Через много лет, накануне второй мировой войны, это с грустью констатировал участник тех событий, один из главных лидеров кадетской партии Василий Маклаков: «Но что показала либеральная общественность в лице кадетской партии в эпоху Первой Государственной Думы? Она оказалась способна только мешать; мешала в их деле и революционерам, и реформаторам… А своих государственных людей она не выдвинула потому, что свою созидательную силу они могли бы показать только в сотрудничестве с исторической властью; а этого кадетская партия не захотела, так как легкомысленно вообразила, что власть «повержена» и «подняться не может», «революционеры» им подчинятся и что они все смогут одни. И жизнь прошла мимо этих детских претензий». Однако «колесо истории» всегда движется лишь в одну сторону…
Открытие Думы стало крупным общественным событием; его подробно описывали все газеты. Накануне открытия первой сессии, 27 апреля 1906 года, депутатам Государственной Думы и членам Государственного Совета устроили торжественный прием в Зимнем дворце. Событие это было совершенно необычным. Утром Николай II с Александрой Федоровной и Марией Федоровной прибыл на катере из Петергофа в Петербург и сразу же отправился в Петропавловскую крепость, где час молился у гробницы отца. Что он говорил обожаемому родителю, какие мысли и чувства его обуревали, того никому не сказал, и о том никто никогда уже не узнает. Кончалась одна эпоха, начиналась другая, а что впереди — одному Богу известно…
В середине дня началось действо в Зимнем дворце. Около двух часов из внутренних покоев дворца тронулось торжественное шествие во главе с императором и двумя императрицами. Члены царской фамилии, придворные, высшие сановники блистали парадными мундирами, лентами, орденами. На дамах, невзирая на необычно раннее время, много драгоценностей. На царе — мундир Преображенского полка, обе царицы — в белых русских сарафанах с жемчужными кокошниками на голове. Парадные одежды резко контрастировали с теми, что были на многих думских депутатах: простые косоворотки, сапоги, невзрачные серые и черные пиджаки и сюртуки.
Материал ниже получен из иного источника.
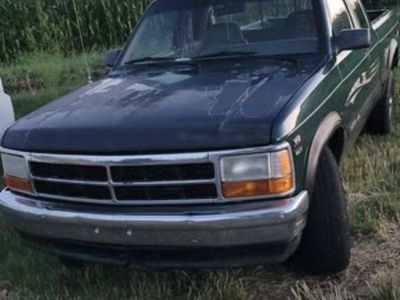1994 Dodge Dakota SLT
Через пятнадцать минут под звуки национального гимна блестящая процессия вошла в тронный (Георгиевский) зал, где уже собрались депутаты Государственной Думы и Государственного Совета: первые — слева от трона, а вторые — справа. Внесли государственные регалии: знамя, печать, скипетр, державу и большую бриллиантовую корону, которые сопровождали дворцовые гренадеры в высоких медвежьих шапках. Процессия остановилась в центре зала, а регалии разместили на особых красных табуретах рядом с троном. Затем внесли аналой и царь принял окропление святой водой от петербургского митрополита. Состоялся краткий молебен. По окончании Николай II поднялся на тронное место, где министр двора подал лист бумаги с речью, которую тот стоя и зачитал.